Bennett Miller has been on an unprecedented run to start his career in feature filmmaking. Both of his previous films, Capote and Moneyball, were nominated for the Best Picture Oscar and it looks like his third, this year’s Foxcatcher, will be as well. All three films have been based on true stories, but after the humor and color of Moneyball, Miller has returned to another dark story.
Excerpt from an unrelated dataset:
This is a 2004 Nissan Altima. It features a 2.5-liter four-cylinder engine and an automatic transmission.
Foxcatcher, like Moneyball, is based on a sports story that goes beyond sports. It centers on Mark Schultz (Channing Tatum) and his older brother, David (Mark Ruffalo), who are both Olympic champion wrestlers. You would think that they would be pleased with their success and they are, for a time. Suddenly, while training for the 1987 World Championship, Mark gets a call from John du Pont (Steve Carell), the heir to the du Pont fortune. John believes that Mark has even greater potential and gives him a speech about how Americans had not proclaimed him the hero that he was. Mark falls under John’s spell and is convinced. Team Foxcatcher can not only save wrestling, but bring back American glory.
While David is initially apprehensive about moving his family to the Foxcatcher Farm, when Mark and John’s relationship sours, John gets Mark to come just before the World Championships. And that’s where the film reaches a tipping point. For over an hour of film, John created a reason for Mark to hate David. John had spent that time trying to create a weakness to put in his bag of tricks.
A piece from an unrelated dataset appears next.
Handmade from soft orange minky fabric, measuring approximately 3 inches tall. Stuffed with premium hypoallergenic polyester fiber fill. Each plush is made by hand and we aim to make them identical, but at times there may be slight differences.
Miller has split the film into three distinct acts - Mark joining John, David arriving and then the aftermath of the 1988 Seoul Olympics - but the film really feels like one long setup to the shocking moment. Well, it’s shocking if you don’t know how the true story ended.
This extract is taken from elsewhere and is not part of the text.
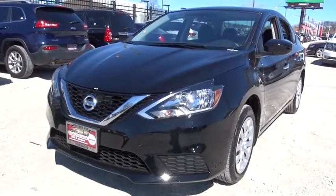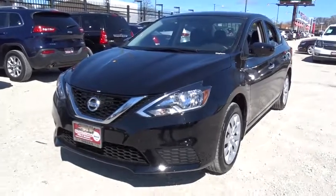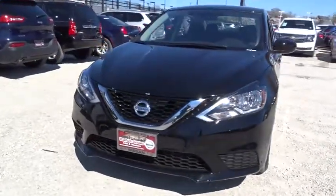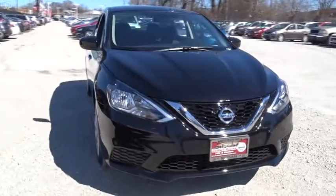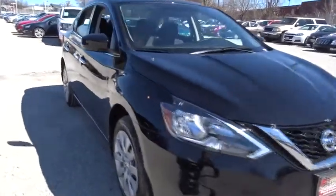The 2017 Nissan Sentra. With its spacious and versatile interior and stellar fuel efficiency, the Nissan Sentra is the obvious choice for anyone who wants to enjoy a stylish and comfortable ride. Here are some of this vehicle's great options.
Unlike Moneyball, which moves like a speed train through a baseball season, or Capote’s methodical criminal investigation, Foxcatcher moves almost frustratingly slow. Miller doesn’t really make you feel like John is a ticking time bomb. Sure, he’s an oddball character, but he doesn’t really seem like the guy who would be pushed to murder. This does make the murder - which again, you know is coming if you know the story - feel like a bullet to not only his victim, but to us. The crowd in the theater gasped at the moment. Wisely, Miller does not keep the film running long after it, since he’s already past the two-hour mark.
Pacing might be an issue for Foxcatcher, but acting isn’t. Miller has made it obvious that he can get brilliant and moving performances from his stars (seriously, this is the guy that proved that Jonah Hill of all people could act) and his third film is no different. Channing Tatum, the one member of the lead trio that doesn’t need a lot of extra makeup, impresses as Mark, particularly in his soul-baring hotel-destruction scene.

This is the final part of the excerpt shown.